Case Study: Tessa Mondesir, Client Manager - Aberdeen Standard Investments

Why do you work flexibly?

Initially it was to develop and progress my British Sign Language (BSL) skills through regular contact with the Deaf and volunteering in the Deaf community which then allowed me to support Deaf students in education as a Senior Communication Support Worker providing communication access and support using sign language (BSL, SSE) and English.

The majority of students are on mainstream courses studying at a variety of levels from entry to post-graduate.

What does FW look like for you?

Do not work Mondays.

How long within current firm?

22 years.

How long have you been working flexibly?

10 years.

How long have you worked within the industry?

28 years.

How long between application and grant?

Less than 3 months.

Was this your first application?

No. It was my second.

I had always wanted to ‘try’ sign language and managed to join a local evening class, had a great teacher, took to the language straight away and never looked back.

I started to attend Deaf social events to improve and practice signing but to achieve the final two NVQ levels of the language and collect the relevant evidence; I needed to somehow be working in a Deaf environment.

I made an application for flexible working for either compressed hours across 4 days or a conventional 4 day week. The outcome was that I was advised it wouldn’t be possible in a client facing role.

I was naturally disappointed with the decision but I persevered as it was my only option to progress in the language. I had a new manager at the point of my second application and it was this new manager who granted the application. She said to leave it with her as she’d need to think. She came back to me having agreed it in principle with the arrangement to be reviewed after an agreed period.

What are the positive outcomes from your decision to work flexibly?

It allowed me to progress in learning the language that I had grown very quickly to love and had no other means to continue.    Now that I have gained the language skills, the constant interpreting of language is the core of what I do each Monday. Having the ability to ‘sign’ enables me to communicate more effectively with clients and colleagues as working between a visual and spoken language heightens my awareness and recognition of verbal and associated nonverbal communication in the workplace.

The right balance of outside interests contributes to mental wellbeing. For me, assisting the Deaf community in this way provides a different perspective to my life.

I have a real sense of loyalty and appreciation for my employer because they’ve allowed me to pursue my outside interests. I see it as a win win situation where the employee is happy with their life balance and the employer retains a dedicated experienced employee because of it.

Are there any negative outcomes from your decision to work flexibly?

I often work longer hours on a Friday to ensure that my work is at a point that does not need to be covered when I am out on Mondays.

Any other words of advice?

Persevere! Timing and the right manager is everything.

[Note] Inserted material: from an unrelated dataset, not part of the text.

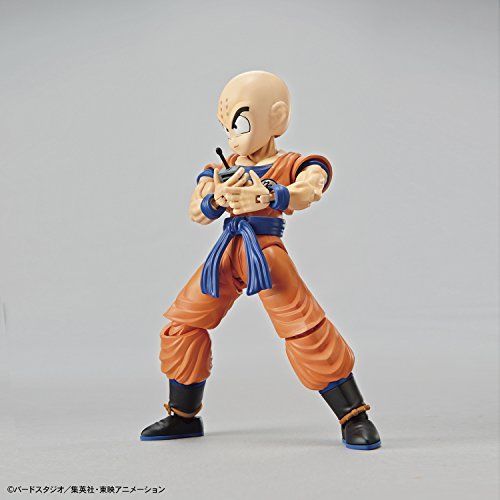 Figure-rise Standard Dragon Ball Z KRILLIN Plastic Model Kit BANDAI NEW_4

Take responsibility to make sure your arrangement works for you and your employer so that it continues for as long as you need it to, your employer can see they have made the right decision and you pave the way for any others that may need to submit a flexible working case in the future.

Always respect and appreciate what your team may have needed to cover for you for any unexpected issues arising whilst you are out of the office. In those instances they make the arrangement work as much as you do.